Gov. Nikki Haley praised the plan in her January State of the State address.
“We’ve long known that rural hospitals face challenges that larger hospitals don’t, and now, for the first time ever, the State of South Carolina is going to treat them that way,” Haley said.
But the plan isn’t popular in every health care circle. Dollars diverted to rural hospitals threaten money traditionally paid to larger facilities. Keck said the South Carolina Hospital Association was intentionally not included in the decision to reimburse rural hospitals 100 percent of their uncompensated care costs when it was made last year.
“It’s our job to make the decision,” he said. “There is a lot of, sometimes, concern about anything that rocks the boat in terms of favoring one group of hospitals over another or, not even favoring, but changing the balance.”

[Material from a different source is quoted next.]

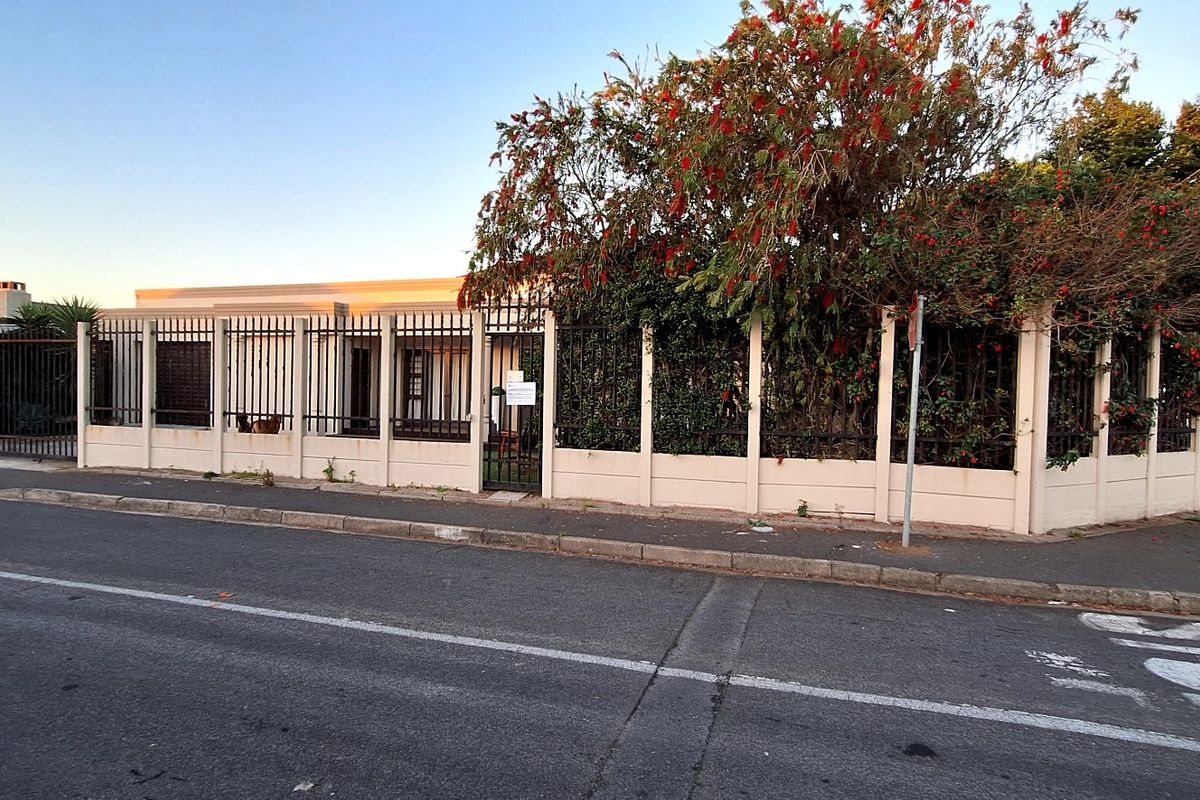 Front exterior view of the property featuring a secure perimeter fence, gated entrance, and established garden foliage along the street boundary.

The first of these enhanced DSH payments are expected to be paid to rural hospitals this month or next.
“We haven’t gotten it yet,” said Butch McCutcheon, CEO of Lake City Community Hospital.
Lake City is one of the 18 rural hospitals designated by the state government to receive the enhanced DSH payments.
The hospital opened in November 1966 after Lake City residents voted for a tax district that helped finance the facility. Lake City Community Hospital, with 48 inpatient beds, still operates independently.
“The one single thing that stands out in my mind here is the emergency room. We average about 70 patients a day in the emergency room. Where would they go if we weren’t here?” McCutcheon said, just before he jumped in the hospital cafeteria line for fried chicken. “We’d have more people die.”